2025/05/30
企業がハローワークに求人を出しても大半が採用に結びついていない。厚生労働省によると2024年は採用割合が11.6%と過去最低で、求人のおよそ9割が空振りだった。民間の人材サービスの拡大に加え、企業と求職者の間のミスマッチが広がっている。
厚労省は1963年からハローワークへの新規求人件数のうち、採用につながった割合を公表している。60年代半ばは50%近くに達していたものの、その後は低下傾向にある.。近年はリーマン危機後の2009年の31・9%をピークに急低下している。
もともと景気が良いときは比率が下がる傾向にある。人手不足で分母の求人件数が増えるためだ。景気が悪いときは求人が減り、比率は上がりやすい。
近年の低下傾向は景気以外の要因も絡んでいる。「民間のサービスを使って職探しをする人が増えている」と厚労省の担当者はみる。

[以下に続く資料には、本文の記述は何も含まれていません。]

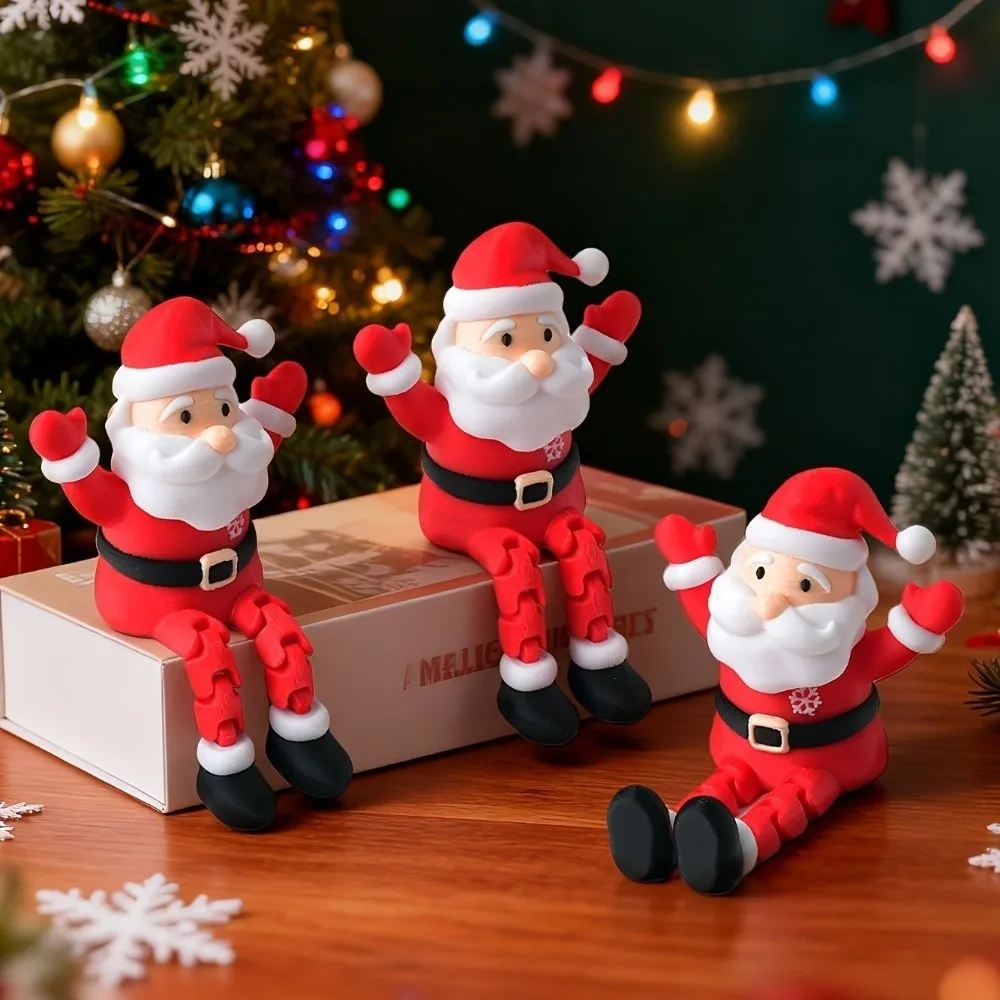 Articulated Movable Santa Claus Sitting Statue 3D Printed Cartoon Movable Santa Claus Figurine Plastic Mini Santa Claus Ornament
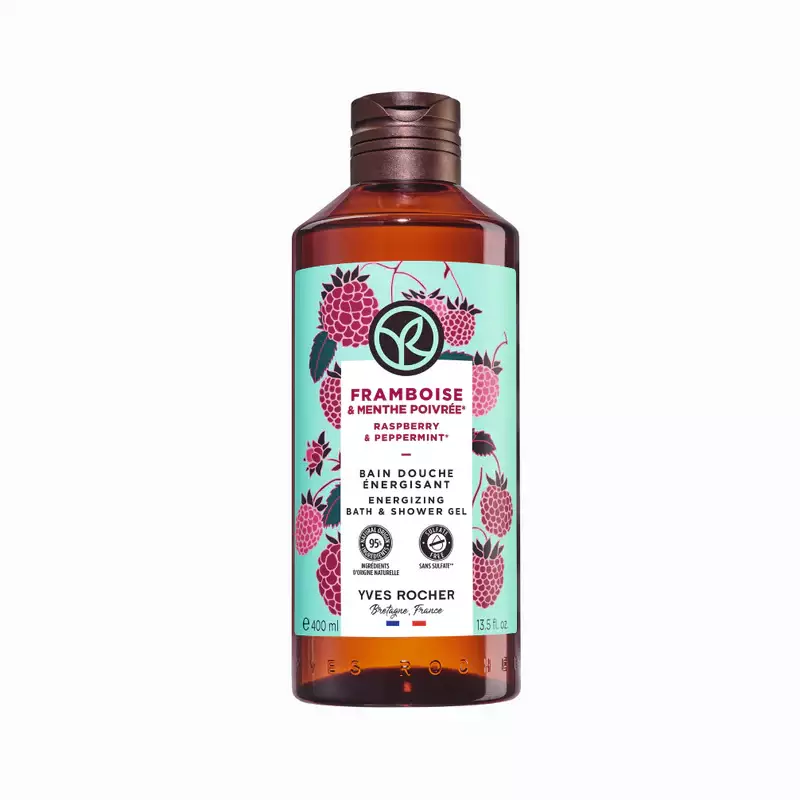 Yves Rocher Raspberry & Peppermint Energizing Bath & Shower Gel 400 ml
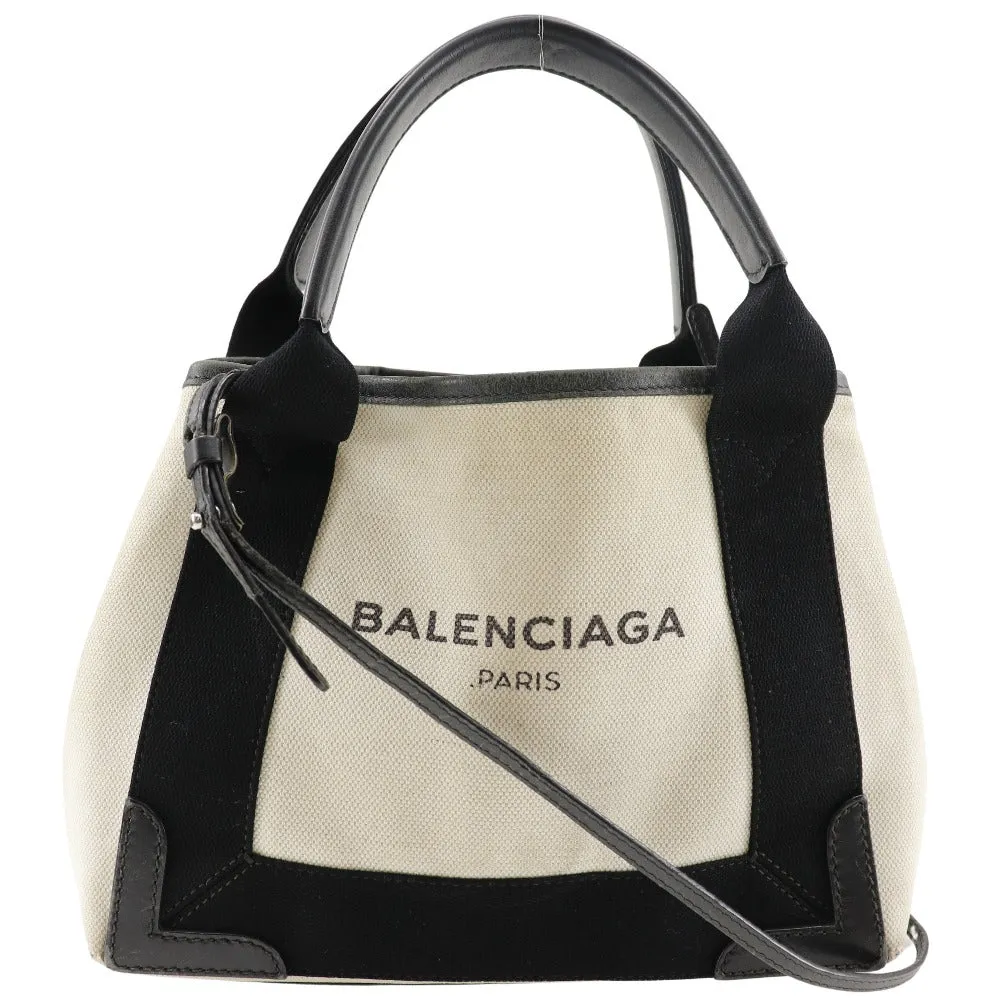 BALENCIAGA Handbag cotton beige Navy Cabas XS Women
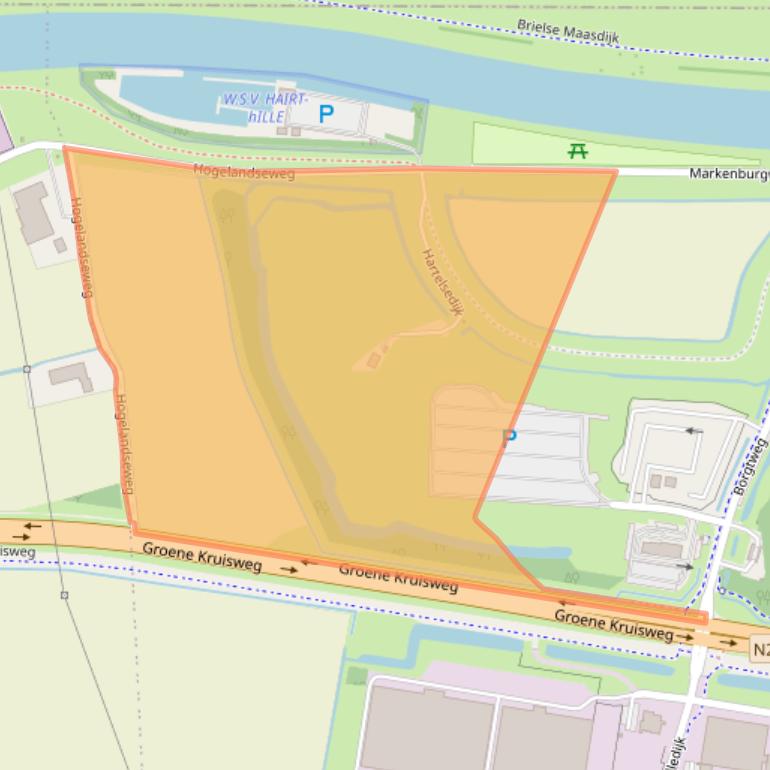 Kaart van postcodegebied 3202LS.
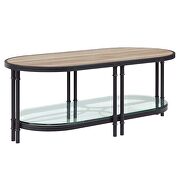 Oak finish top & sandy black finish metal base coffee table by Acme additional picture 2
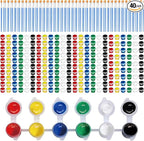 40 Pack 6 Colors Mini Acrylic Paint and Brushes Set for Kids Party Favor, Individual Paints Strips Sets with Brush for Kid, Student Painting Kit for Canvas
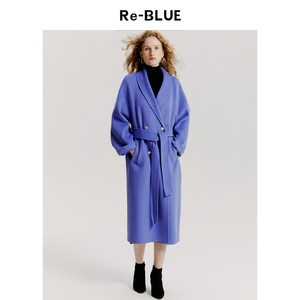 Re-BLUE轻奢优雅女装气质知性青果领双排扣过膝长款毛呢大衣外套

失業給付を受け取る場合はハローワークに求職者の登録をする必要があるものの、転職者を含めて民間サービス経由で仕事を決める例は多いとみられる。ハローワークを通じた就職件数は24年に9・7万件と1963年以降で過去最低だった。
(日本経済新聞 5月20日)
会社がハローワークに求人を申し込む場合、事業所登録をしたうえで、事業所登録シートに、事業所名、代表者名、事業所住所、最寄駅、福利厚生の内容、創業設立年、資本金、
連絡先、事業内容、会社の特徴を記入する。
次に求人申込書に記入する。記入する項目は、求人区分等情報、事業所情報、仕事内容情報、賃金・手当情報、労働時間情報、保険・年金・定年等情報、求人PR情報、選考方法情報である。
形式を満たせば求人できるのである。札付きのブラック企業がハローワークに求人票を登録している例も珍しくないが、都内のハローワーク職員にその適否を尋ねたところ、職員はこう説明した。
「ハローワークは求人と求職を仲介する公的機関なので、事業所登録と求人申込書に漏れなく記入していれば、離職率が高すぎるとか、ハラスメントが頻発しているなどの理由で登録を断わることはできない。民間の人材紹介会社なら断るかもしれないが、ハローワークは立場上、断われない」
この実態を求職者もわかっているので、おそらくハローワークの求人に距離を置いてしまうのではないだろうか。